Even the Hart and Pearson stuff...I get it, but also a part of me goes, "who cares?" Because even if a player who didn't really contribute to defense was on his team (let's say Kariya), Hasek probably doesn't win any Harts because there's a second player on the team that we've heard of and that player can score 100 points. Even if Hasek played the same, it probably sinks him enough or dilutes the vote enough to let someone else slide in. The whims of voters is getting further and further in the rear view mirror for me as time goes on, but that's another story.

It just comes down to where would I start to consider getting a goalie if I was starting from scratch. I know I can't win without an elite #1 center. I know I can't win without a #1 elite puck moving d-man. So I know I'm stocking up there from a list-making perspective.

I know that my goalie needs insulation to some degree or else it's not relevant (Carey Price is a good recent example I guess). So I can't start* in net because the goalie has to make sense for my roster. And as much as I'd like to think I'd get that right most of the time...................I still might not. So, now have to start thinking about other components - goal scoring wingers, for instance. Not a group that I hold a lot of reverence for, but goals are hard. So, right there, this tells me I'm in the late teens or 20's for these groups...

I also know that I CAN win multiple times without an elite goalie (Crawford, Osgood, Vernon, Worsley, etc.).

* - and by "start" I mean, putting a goalie at 5 or 7 or 10 or whatever. An IMPACT spot.

People don't like this, but it's my process, I look at things like a draft...I can't draft a resume. I can't take the goalie from junior with the best average or ratio stat and go, "that's my guy for the NHL." - where do goalies go in drafts YoY? Not high...

Now, there isn't a 1:1 relationship there in terms of amateur drafts and these kind of historical rankings, but my thought process is somewhat parallel. If I didn't have someone else telling me how to feel about it (i.e. Hart voting and the like), where would I start to consider these players (Hasek, Plante, Roy, whoever)? The answer is: "not top 20".

I don't want to ignore your question of "what would a goalie have to do?" - but I don't know how to answer that to be honest, especially not via text. I think it would be something along the lines of, "I could trust them..." or "I could see it working...in every reasonable situation." And then if I apply that filter, are the names the same? I don't know...it's a great question, and I don't know how well I can answer it.
 
So that's a bit interesting, as it differs from the real draft where Goalies take forever (take Oettinger a 1st round pick that delivered and never at any point was ever really "off track" for a best case outcome) and are subject to lots of volatility in part due to that much longer development track. If all the players in the NHL were unburdened by contracts, the league says, we're starting over and doing it entirely on a single season basis for 2025-26 (like a fantasy league but with real teams). Nobody is trying to tank or whatever. Everyone can build a team however they want, and at least on draft day teams will be more or less balanced with a snake style draft subject to normal volatility and some GMs being smarter/dumber.

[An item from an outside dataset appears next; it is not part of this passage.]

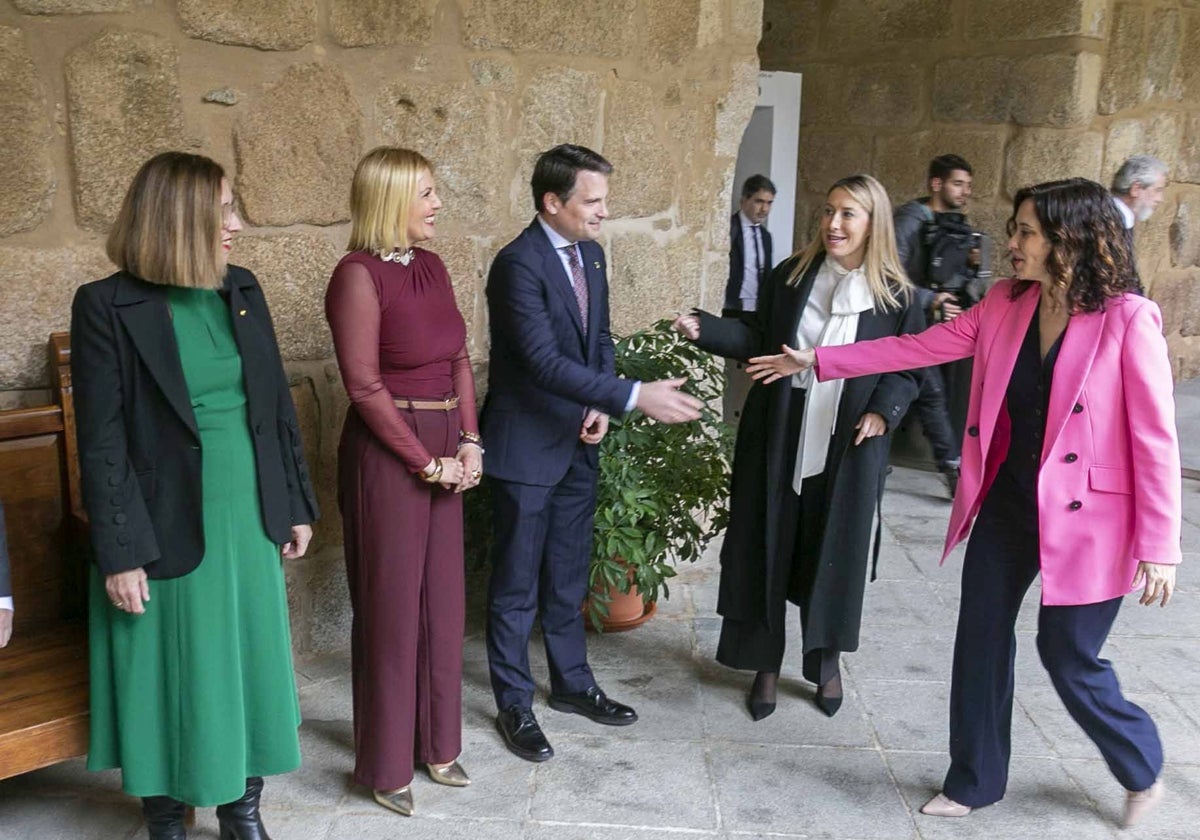 Mercedes Morán (consejera de Agricultura), Elena Manzano (Hacienda) y Abel Bautista (Presidencia), dispuestos a saluda a Ayuso en presencia de Guardiola.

Tough to say at what point the goalies start coming off the board. Figure there'd probably be a few little runs, at a few cluster points. The interesting thing would be to see how the higher drafted goaltenders due (meaning team 'sacrificed' something else). Going back to Fantasy example, just kinda depends on the year how much say "QB early" will end up working out (topsy turvy to real life, QB is generally a less valued position in non 2 QB or Superflex league because you can get a lot more decent value out of average fantasy startable QB).
 
Goalies probably get treated too harshly although that largely goes into the position's high level of volatility to begin with as the equivalent of low level 1st line production is like a league size times x 0.5 number goaltender, which is considered "league average" starter and half the goalies on playoff teams at a given time sit on the bench not doing anything. Hasek's 1993-94 through 2001-02 are superb, just a shame his 28 and younger years bring nothing to the table as far as how it stacks up on like a top 10 or whatever overall player list. Mesh Dryden from the other side and Hasek together and yeah you got a top 5 player.

well his 28 and younger years arent exactly his fault now are they...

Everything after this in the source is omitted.